From capabilities(7):
“Correspondingly, when a version 3 security.capability attribute is retrieved (getxattr(2)) by a process that resides inside a user namespace that was created by the root user ID (or a descendant of that user namespace), the returned attribute is (automatically) simplified to appear as a version 2 attribute (i.e., the returned value is the size of a version 2 attribute and does not include the root user ID). These automatic translations mean that no changes are required to user-space tools (e.g., setcap (1) and getcap (1)) in order for those tools to be used to create and retrieve version 3 security.capability attributes.”

Obviously this does not work for me.

stgraber · October 26, 2020, 5:55pm

Yeah, the kernel handles the normal getcap case. There are ways to get to the low level v3 cap struct, but stracing getcap, it seems to be doing the right thing here at least.

root@shell01:~# setcap cap_net_raw=pe a
root@shell01:~# setcap -v cap_net_raw=pe a
a: OK
root@shell01:~# uname -a
Linux shell01 5.4.0-40-generic #44~18.04.1-Ubuntu SMP Wed Jun 24 23:13:08 UTC 2020 x86_64 x86_64 x86_64 GNU/Linux

What version of libcap are you running?

HGuillemet · October 26, 2020, 5:56pm

I tried both 2.43 and 2.44

stgraber · October 26, 2020, 6:00pm

ok, here I’m on 2.25 and 2.32, I’ve got a gentoo container running emerge now to get it installed so I can see if the newer versions are what’s getting confused somehow or if it’s a kernel issue.

HGuillemet · October 26, 2020, 6:01pm

Have a look at the linked bugzilla report: Serge Hallyn posted a C source to tell which cap version we see, and in my case I see v3 within the container.

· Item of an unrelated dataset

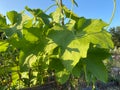 Sunlit Green Leaf Plant and Blue Sky in Summer in September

If I understand correctly the manpage, I should see v2.

stgraber · October 26, 2020, 6:10pm

gentoo ~ # touch a
gentoo ~ # setcap cap_net_raw=pe a
gentoo ~ # setcap -v cap_net_raw=pe a
a: OK

here on 2.43 gentoo with an Ubuntu 5.8 kernel.

@hallyn seems likely to be a kernel issue then?

HGuillemet · October 27, 2020, 11:18am

Some news:
CONFIG_SECURITY was unset. When set, containers see v2 caps and setcap -v works as expected.

If I remember correctly, lxc-checkconfig didn’t spot this missing config.

HGuillemet · December 14, 2020, 10:33pm

A fix has been added to kernel 5.10. This topic can be closed.

HGuillemet · January 2, 2021, 9:27pm

For the record, the fix has also been included in 5.4.86, 4.19.164 and 4.14.213.
CONFIG_SECURITY shouldn’t be necessary anymore for these versions.